E: It lasts about a week. You can go in water, but you don’t want to put lotion over the area and you don’t want to scrub or shave. If you leave it alone, it lasts.

R: Would friction—like wearing jeans or having sex—cause the crystal to rub off?

E: Jeans are totally fine. It should stay through sex. I occasionally have a client who comes back and tells me, "My boyfriend found some vajazzle in his bed," but that’s rare. It’s usually secure.

R: How many vajazzling clients do you get around Valentine’s Day? Is it the most popular time for this service?
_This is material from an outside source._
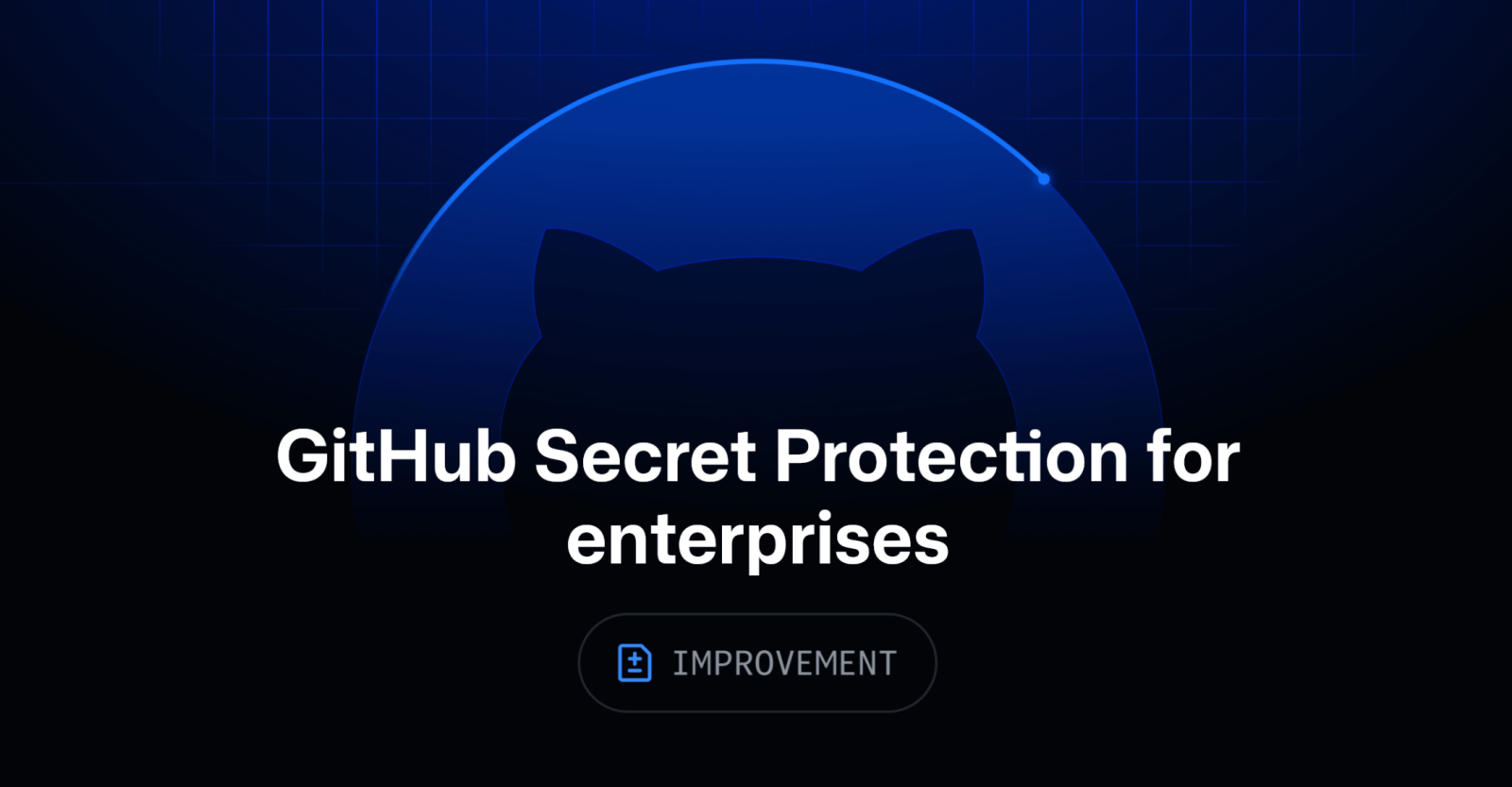 Enterprise governance and policy improvements for secret scanning ...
E: Definitely Valentine's Day and summer time are the busiest. People will also do it on their stomachs in the summer.

R: Approximately how many clients request vajazzling each month throughout the rest of the year?
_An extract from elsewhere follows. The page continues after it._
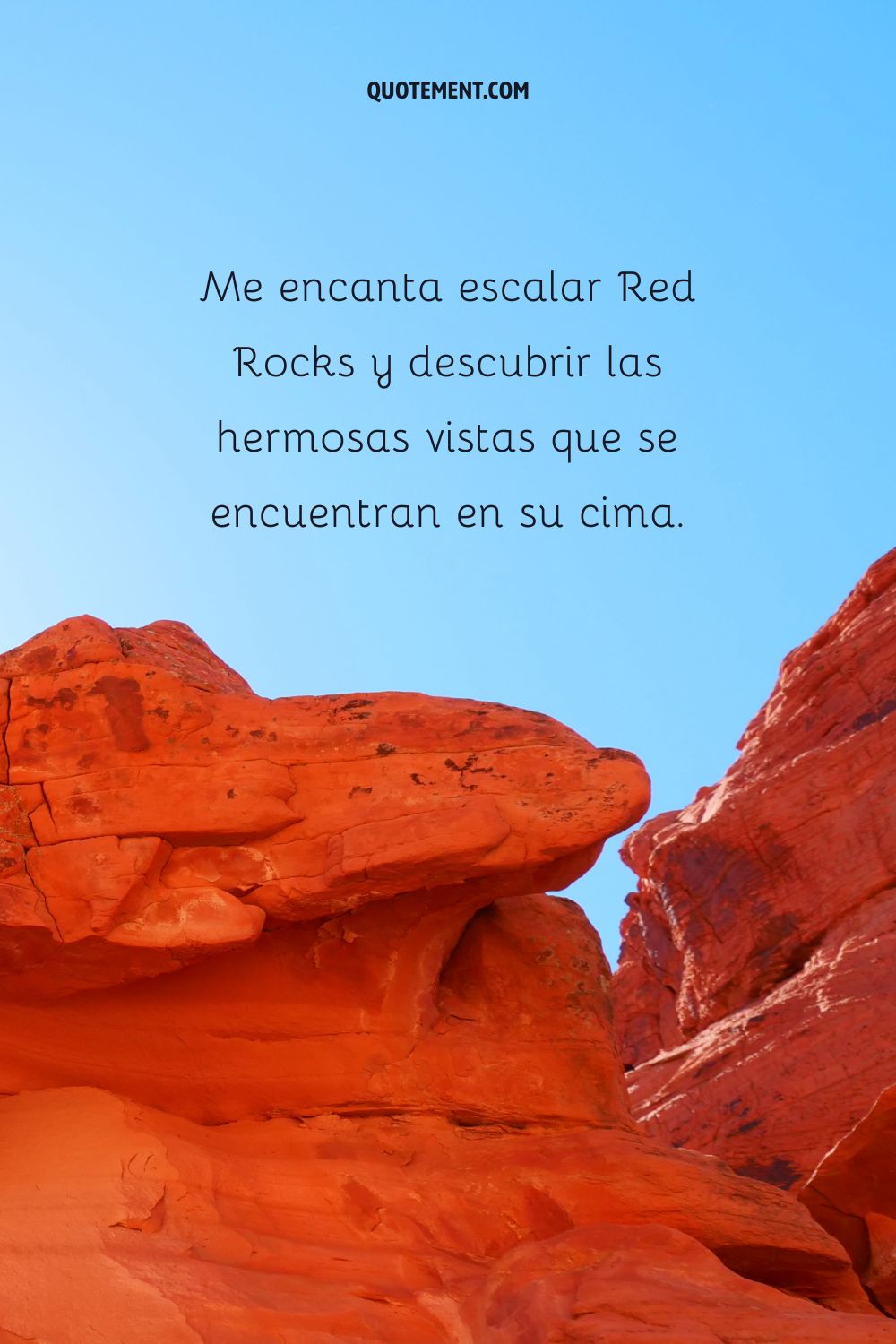 Me encanta escalar las Rocas Rojas y descubrir las hermosas vistas que se encuentran en su cima.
E: Some months you don’t have anybody, and other months it’ll be a handful. It's definitely one of those things that some people don’t know about.

R: Is it just bling, or are there other decorations, like feathers?

E: I don’t have feathers. It’s frosty crystals.

R: What designs do most clients choose?

E: The most popular is two hearts. A bigger size heart with a baby heart next to it. There’s also a peace sign, red lips, flowers. The flower is pretty popular. 

R: Do most women tell their partner in advance, or surprise them?

E: Most people are like, "Surprise!" A handful will tell them in advance.

R: Is there an option for people who want a little backdoor bling?

E: (Laughing). You could do something on your lower back, but I wouldn't recommend it between the cheeks.

So there you have it. In addition to being one of the best waxers in the city, Erika is also an absolute sweetheart about answering questions in a kind and non-judgmental way. If you want to try vajazzling ($18), or you're just looking for a new esthetician, you can book with her at Dermal Essentials in San Francisco and Walnut Creek. And if there's another beauty service you want to know more about, leave a comment. I'm always happy to pepper an expert with weird questions.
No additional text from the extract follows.